The answer is not complicated. The church has relied on culture to send it people. It has found ways to build programs and be part of the reaping of cultural religion’s harvest. But as baby boomers grew up being brought to Sunday School by parents who didn’t participate in discipleship and growth, the commitments began to fray. Each generation had parents less committed to participating and growing as disciples and children who were less and less rooted. The culture that had given for a few generations was now taking away. The church has been steadily losing ground for decades. This newest study crosses a line that makes us extra nervous, but there is nothing new here.

 

But the writing is on the wall for those in the church who don’t decide that it is time to make significant changes to how they do ministry. In the future there will be primarily two kinds of churches – those who focus on telling the story of Jesus and connecting peoples’ lives to it – and those that close. Going back means choosing to continue to age and decline with new vision in site - just wishes for something different.

 

People are tired of church programs that offer little depth or transformation and a Gospel that seems like platitudes. They are tired of churches that are filled with judgment and self-interest while pretending to represent the concerns of Jesus.

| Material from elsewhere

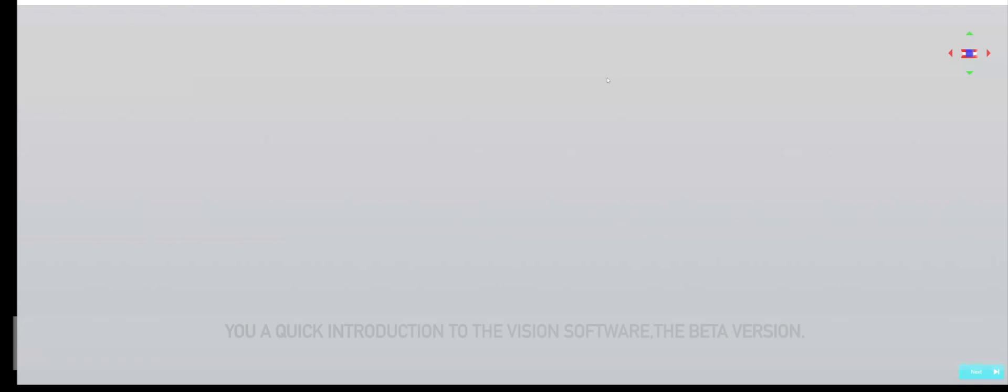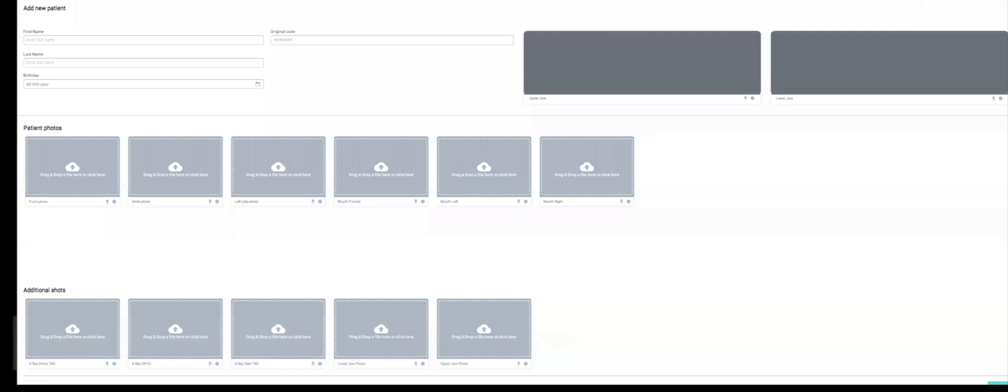Hi, I'm going to give you a quick introduction to the Vision software, the beta version. I'm going to start with the import of a new patient, for which we have a dedicated button. I'm going to click the button.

And they no longer feel obliged to attend religious rituals as a part of being a respectable member of society. So, church activities no longer gain the attention of any but those already committed to them from the previous era.

 

But people are truly hungry to encounter the Jesus whose death and resurrection we just commemorated and continue to celebrate during this Easter season. People want to meet the God who forgives sins, heals the broken, and gives purpose and meaning to life.

 

So, if the next chapter of your ministry is going to have real impact, consider spending less time rebuilding church programs after the pandemic, because church programs are less and less the essential to congregational life, and connecting people to the crucified and risen Christ in their lives is (and actually always has been) the core of what it means to be the church. And with the pandemic shifting how we do church, now is the time to refocus and re-root like never before. Churches that look for a new way of being church in the future will be in a much better place than those who put the old one back – the last twenty-five years have already told us that way of being church wasn’t working anyway.